Transcribe only what runs from the line containing "BEAUTY&YOUTH UNITED ARROWS「フォックスカシミヤブレンド" through the final line below, exactly, and leave every picture out.

• DATA SHOWN
§ §

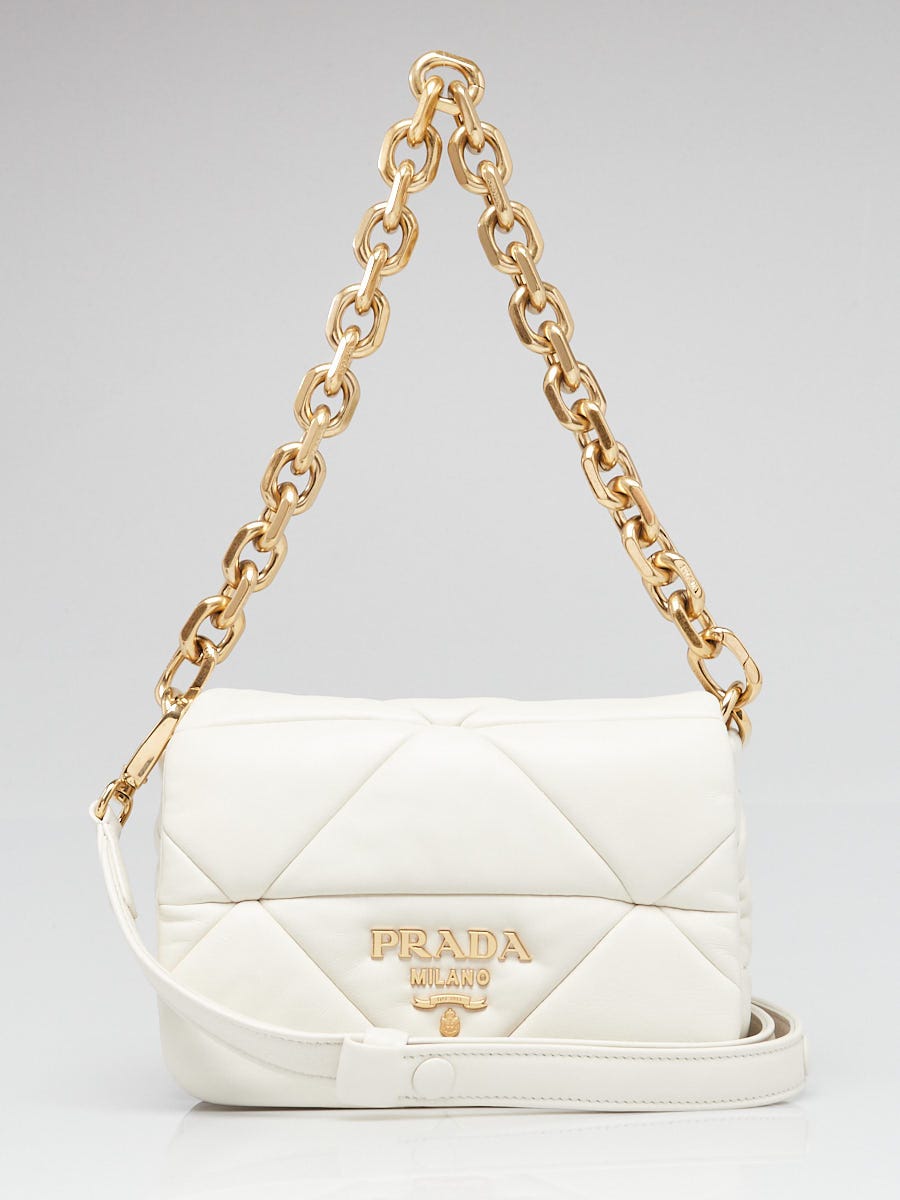 ショルダーバッグ・ポシェット PRADA QUILTED NAPPA SHOULDER BAG PRADA QUILTED NAPPA GOLD TRIANGLE SHOULDER BAG 1BD333 BLACK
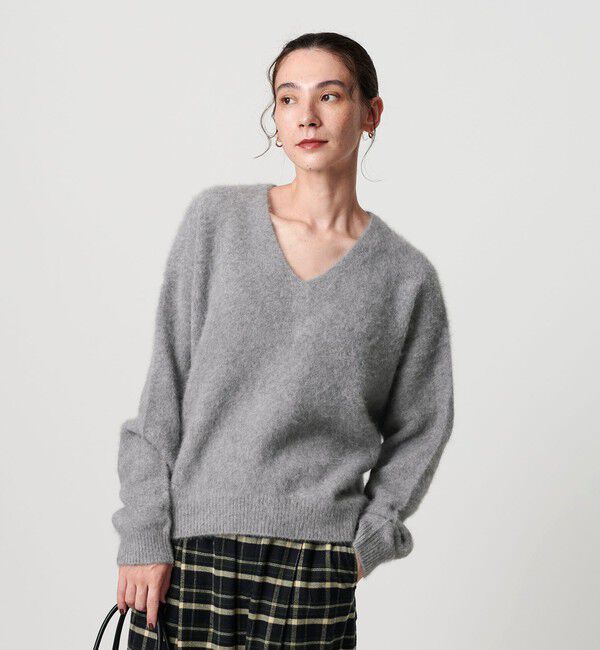 BEAUTY&YOUTH UNITED ARROWS「フォックスカシミヤブレンド Vネックニットプルオーバー」|ニット・セーター|LT.GRAY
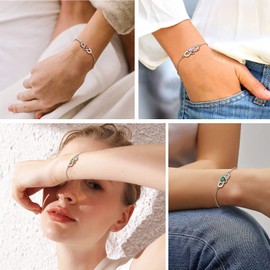 Charm Bracelets For Women Sterling Silver March Birthstone Cubic Zirconia Dainty Infinity Heart Bracelet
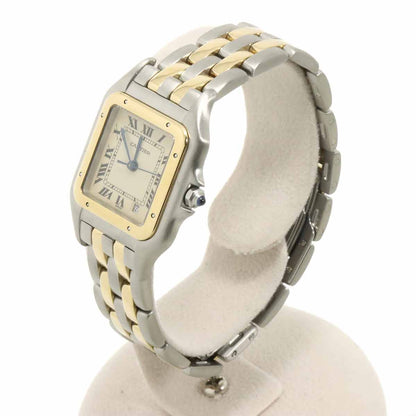 Cartier Panthere MM 2 Row Date Boys Watch Ivory YG Quartz — view 2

§ §

• OUTPUT
 BEAUTY&YOUTH UNITED ARROWS「フォックスカシミヤブレンド Vネックニットプルオーバー」|ニット・セーター|LT.GRAY
 Charm Bracelets For Women Sterling Silver March Birthstone Cubic Zirconia Dainty Infinity Heart Bracelet
 Cartier Panthere MM 2 Row Date Boys Watch Ivory YG Quartz — view 2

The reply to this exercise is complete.